Work order: Dropping every picture, set down exactly the lines in the entries below, starting with the line with "Watercolor Condo |" and going on through the line with "Schülerinnen/Schüler, Lehrkräfte, Besucher".

Data supplied:
_____

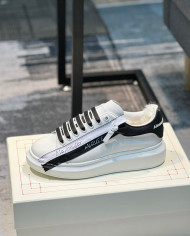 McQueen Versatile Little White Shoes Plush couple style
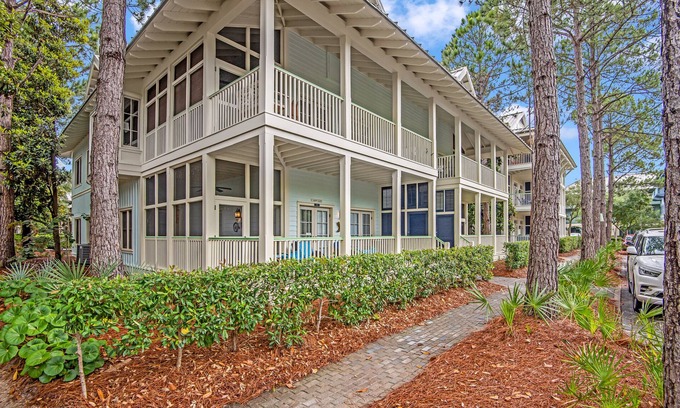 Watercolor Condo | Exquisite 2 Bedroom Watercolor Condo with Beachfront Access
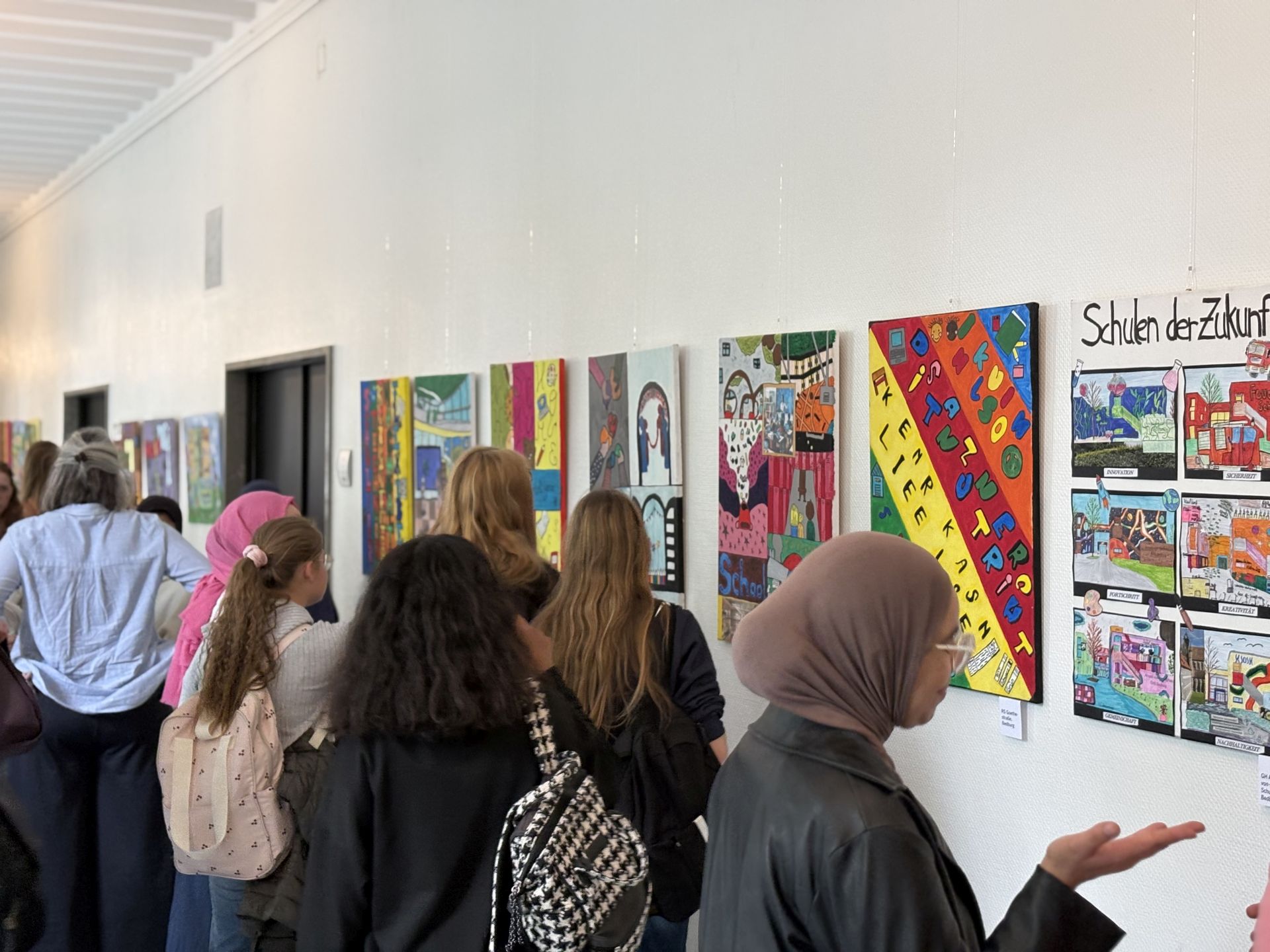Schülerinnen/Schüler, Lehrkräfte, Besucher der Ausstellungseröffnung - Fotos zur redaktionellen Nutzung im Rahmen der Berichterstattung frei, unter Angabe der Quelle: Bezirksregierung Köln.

_____

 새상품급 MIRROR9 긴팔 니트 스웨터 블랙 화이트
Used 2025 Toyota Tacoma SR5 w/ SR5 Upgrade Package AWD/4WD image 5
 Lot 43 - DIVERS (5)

_____

Task result:
 Watercolor Condo | Exquisite 2 Bedroom Watercolor Condo with Beachfront Access
Schülerinnen/Schüler, Lehrkräfte, Besucher der Ausstellungseröffnung - Fotos zur redaktionellen Nutzung im Rahmen der Berichterstattung frei, unter Angabe der Quelle: Bezirksregierung Köln.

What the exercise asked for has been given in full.